* [WHAT TO DO]:
Leaving out the pictures, return word for word the stretch of entries below from the line holding "Ruime gezinswoning met" through the line holding "Дом в Свердловская".

* [RECORDS TO PROCESS]:
══════════════════════════════

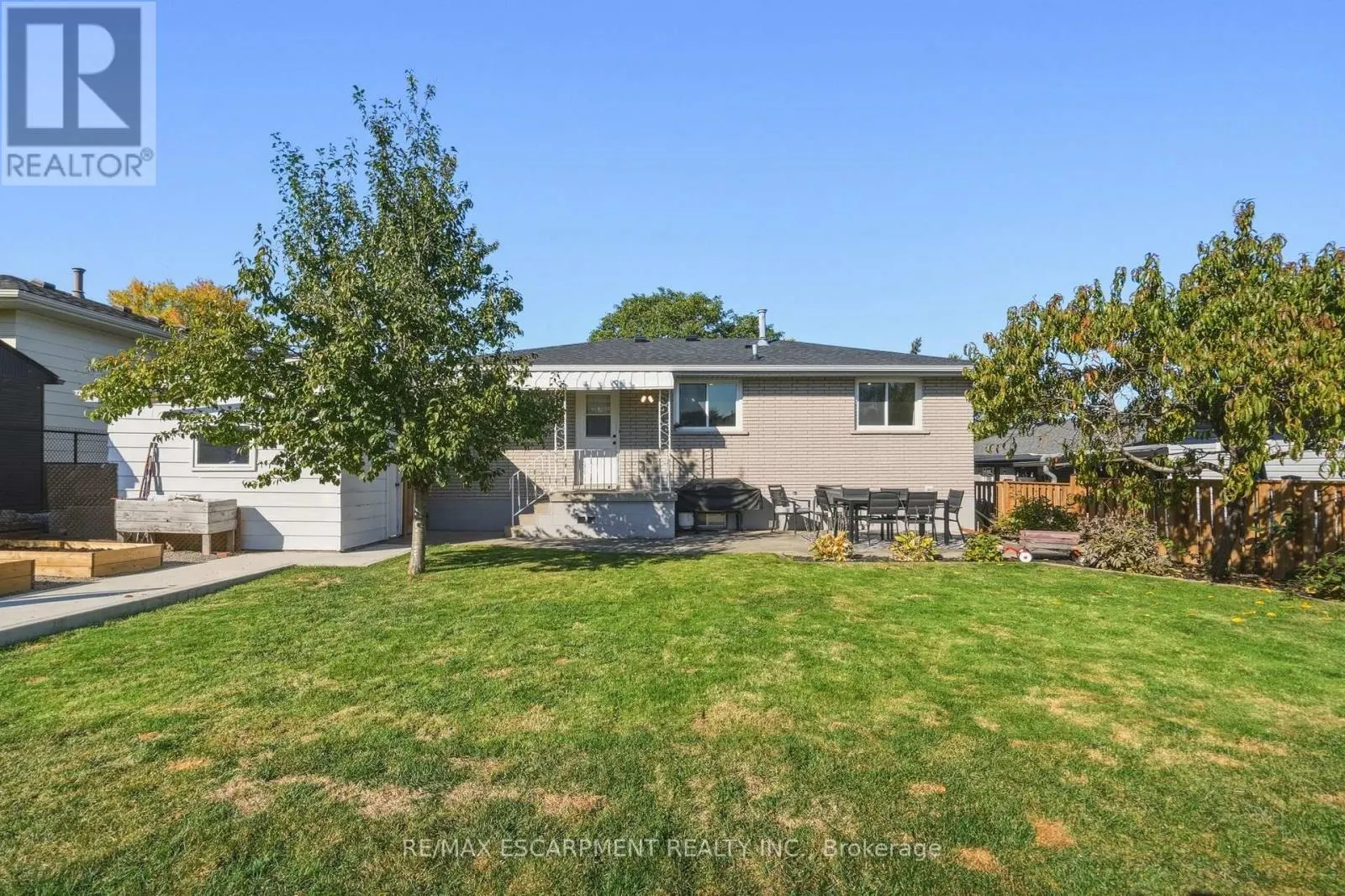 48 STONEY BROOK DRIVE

══════════════════════════════

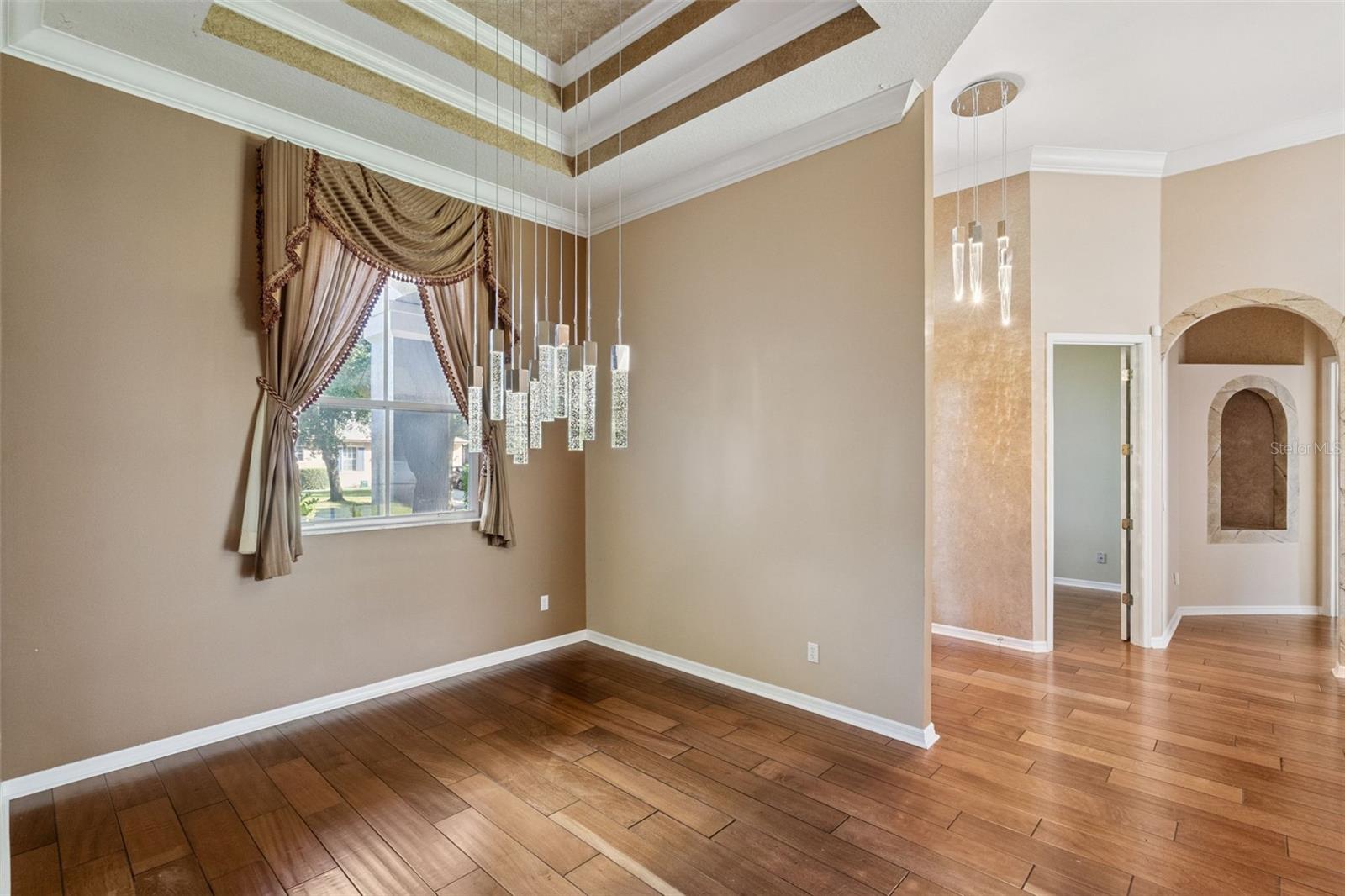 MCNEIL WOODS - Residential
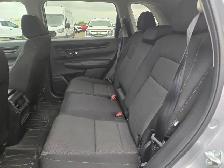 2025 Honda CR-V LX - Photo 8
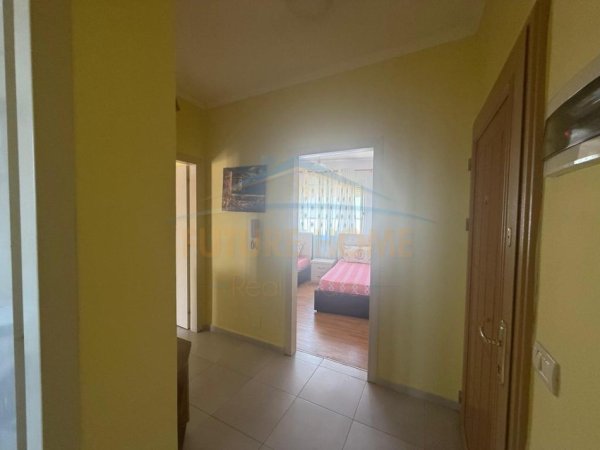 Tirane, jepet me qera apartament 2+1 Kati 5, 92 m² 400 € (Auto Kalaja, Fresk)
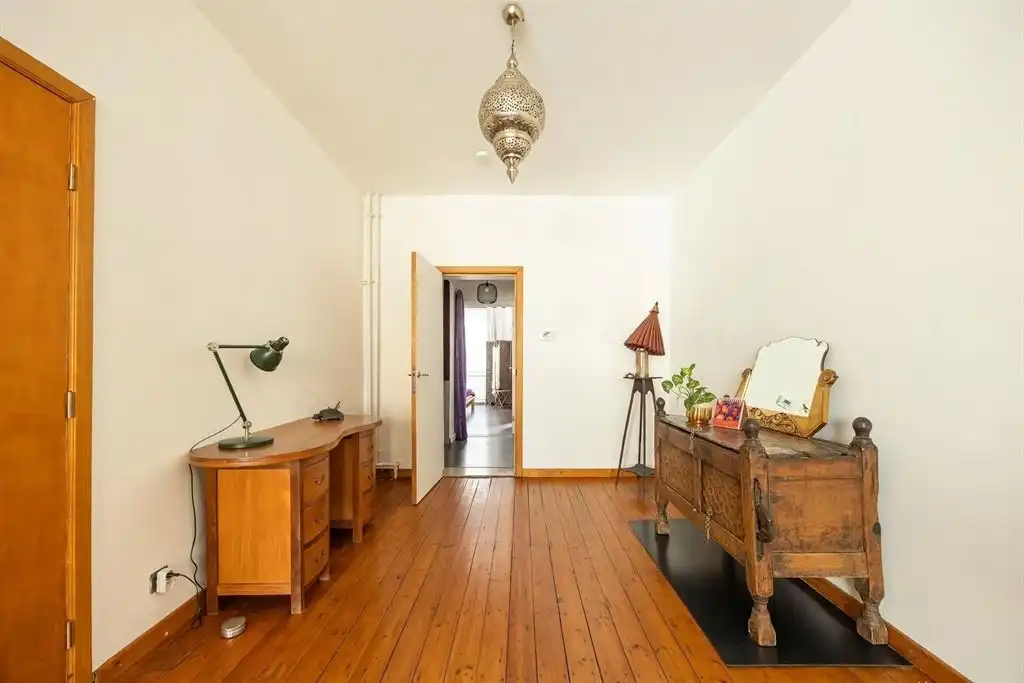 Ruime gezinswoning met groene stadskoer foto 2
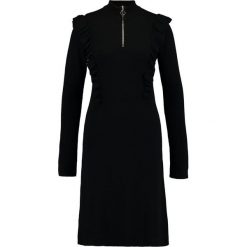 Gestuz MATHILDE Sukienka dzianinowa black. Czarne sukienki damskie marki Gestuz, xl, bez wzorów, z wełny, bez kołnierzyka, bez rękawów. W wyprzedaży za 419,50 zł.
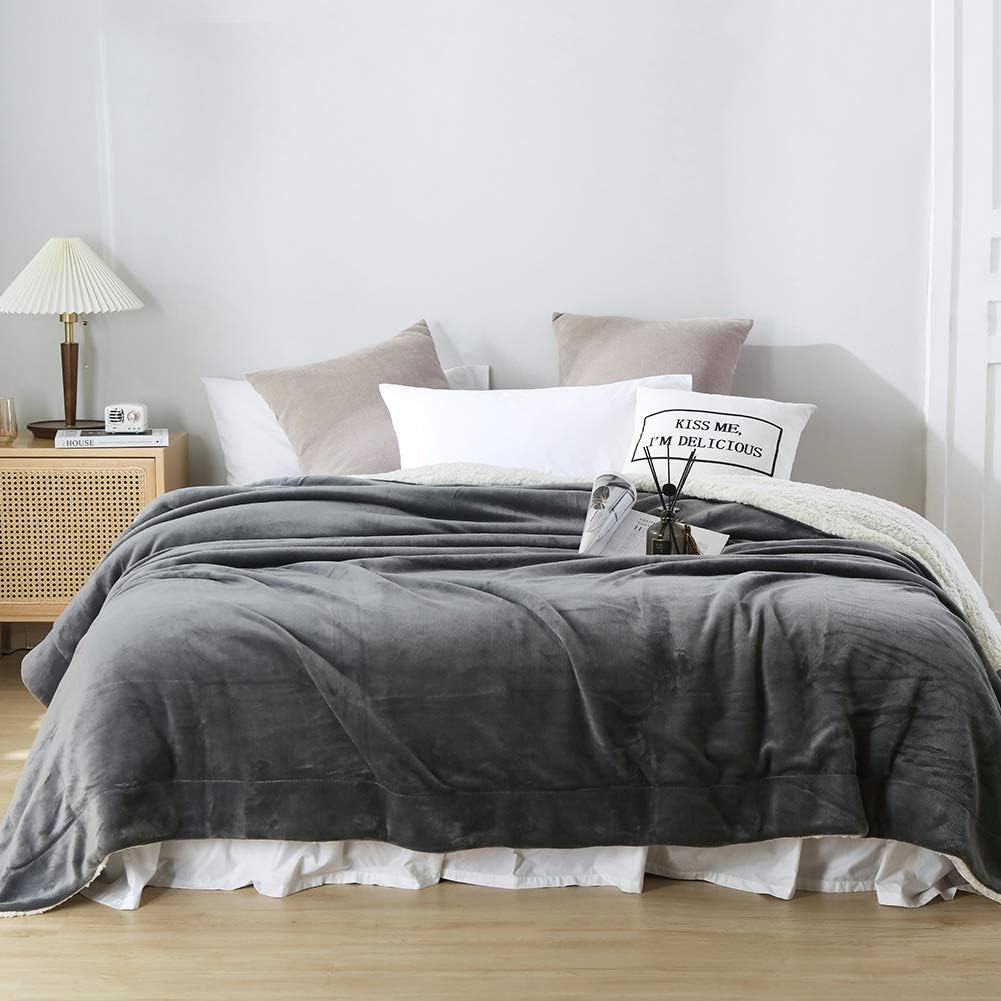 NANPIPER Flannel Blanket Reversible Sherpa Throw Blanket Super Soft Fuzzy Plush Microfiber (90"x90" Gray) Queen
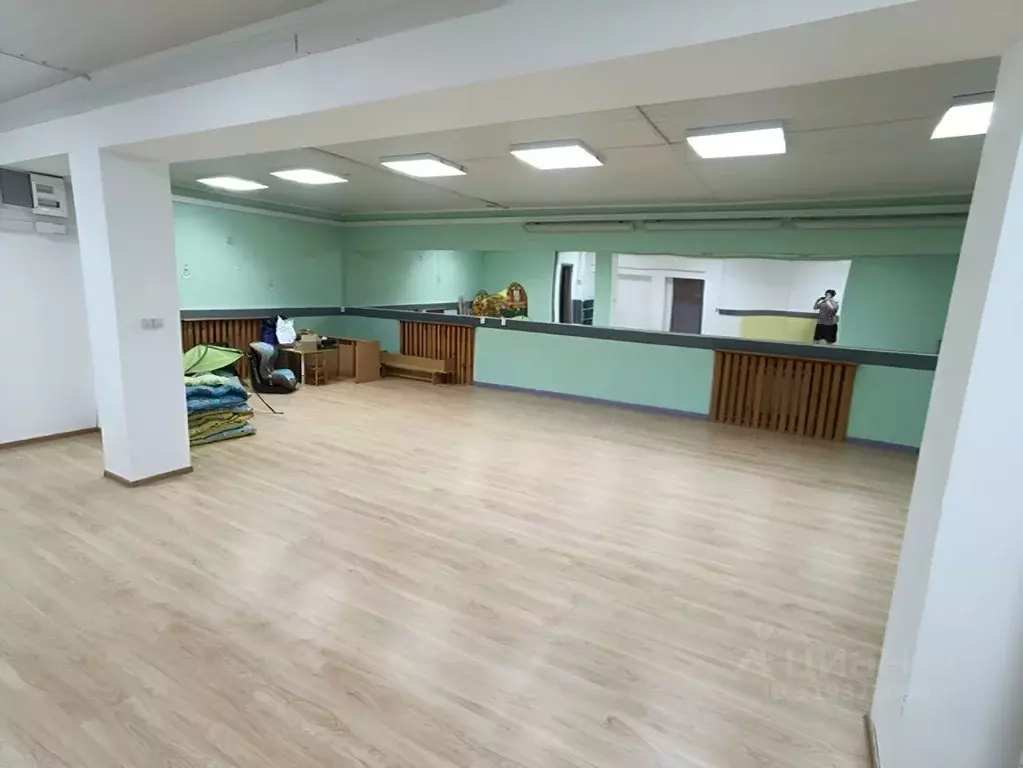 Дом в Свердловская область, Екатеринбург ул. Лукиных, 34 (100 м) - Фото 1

══════════════════════════════

* [SOLUTION]:
 Ruime gezinswoning met groene stadskoer foto 2
 Gestuz MATHILDE Sukienka dzianinowa black. Czarne sukienki damskie marki Gestuz, xl, bez wzorów, z wełny, bez kołnierzyka, bez rękawów. W wyprzedaży za 419,50 zł.
 NANPIPER Flannel Blanket Reversible Sherpa Throw Blanket Super Soft Fuzzy Plush Microfiber (90"x90" Gray) Queen
 Дом в Свердловская область, Екатеринбург ул. Лукиных, 34 (100 м) - Фото 1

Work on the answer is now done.